Diff between grep, sed and awk
Example:
Sed
$ sed -i ‘s/cat/dog/’ file.txt
# this will replace any occurrence of the characters ‘cat’ by ‘dog’
Awk
$ awk ‘{print $2}’ file.txt
# this will print the second column of file.txt
Basic awk usage:
Compute sum/average/max/min/etc.
$ cat file.txt
A 10
B 20
C 60
$ awk ‘BEGIN {sum=0; count=0; OFS=”\t”} {sum+=$2; count++} END {print “Average:”, sum/count}’ file.txt
Average: 30
Diff between grep, sed and awk
Grep is useful if you want to quickly search for lines that match in a file. It can also return some other simple information like matching line numbers, match count, and file name lists.
Awk is an entire programming language built around reading CSV-style files, processing the records, and optionally printing out a result data set.

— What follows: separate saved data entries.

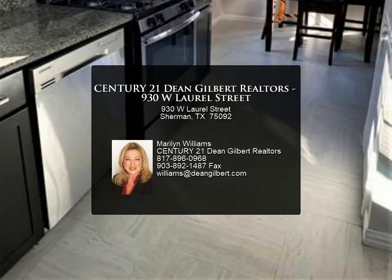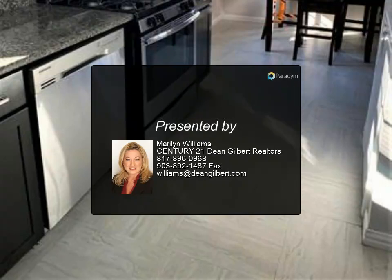Easy access to Highway 75. Call for a private showing for more information.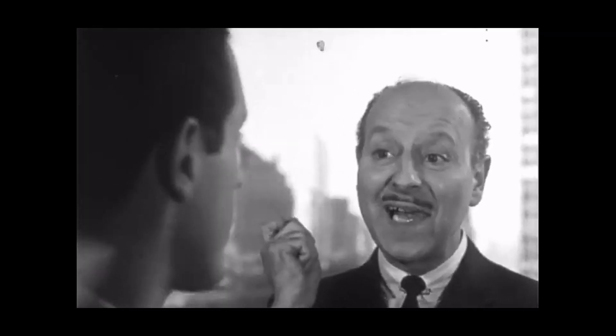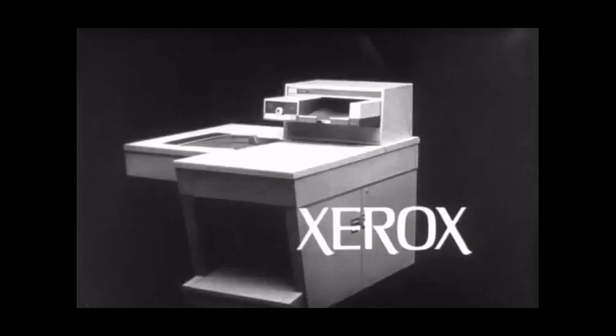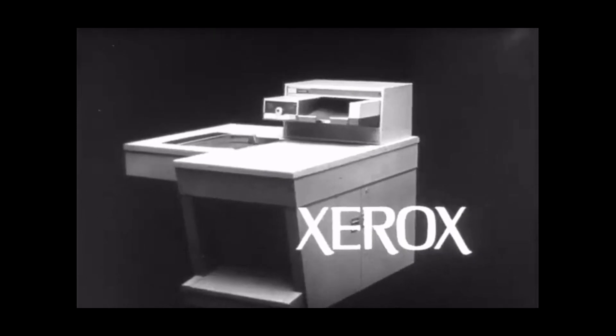Mr. Wilkins, all you need is one Xerox 914 and an 813 downstairs. If you want our copy consultant to talk to you, call your local Xerox office. If the devil answers, hang up.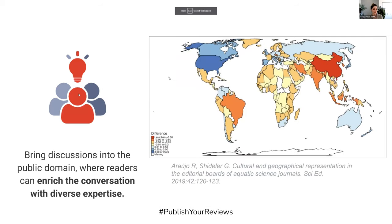Another benefit is to bring discussion into the public domain, where readers can enrich the conversation with diverse expertise. As we know, the people who are invited to perform peer review aren't necessarily representative of all scholars or the authors submitting those manuscripts.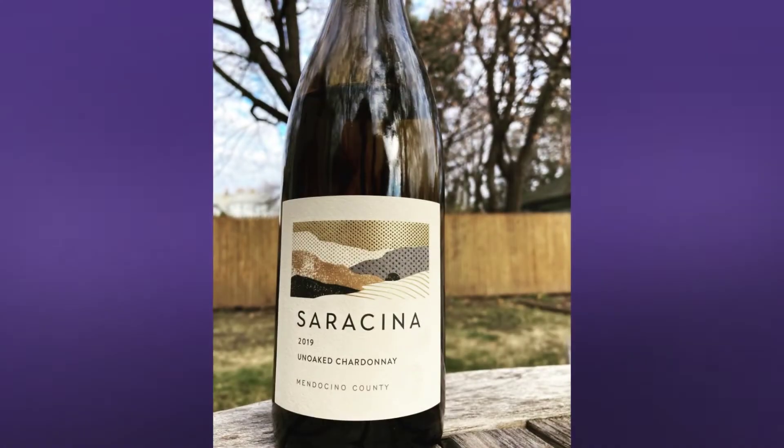Hey there! I'm Julia from the Wee Tipple, and it's tasting time! Today I'm tasting Saracena's Un-Oaked Chardonnay from Mendocino County, California.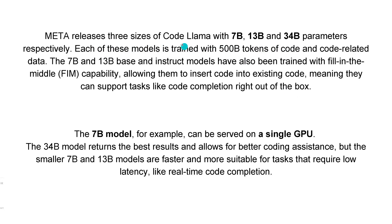We have three models for Code Llama: the 7 billion trainable parameter model, the 13B, and the 34B parameter. Each model was trained with 500 billion tokens of code and code-related data. The 7B model was especially designed to be served on a single GPU, while for the 34B model you need the corresponding compute infrastructure.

It can do many things but it is not the easiest tool to use for simple tasks.
Sed is useful when you want to make changes to a file based on regular expressions. It allows you to easily match parts of lines, make modifications, and print out results. It’s less expressive than awk but that lends it to somewhat easier use for simple tasks.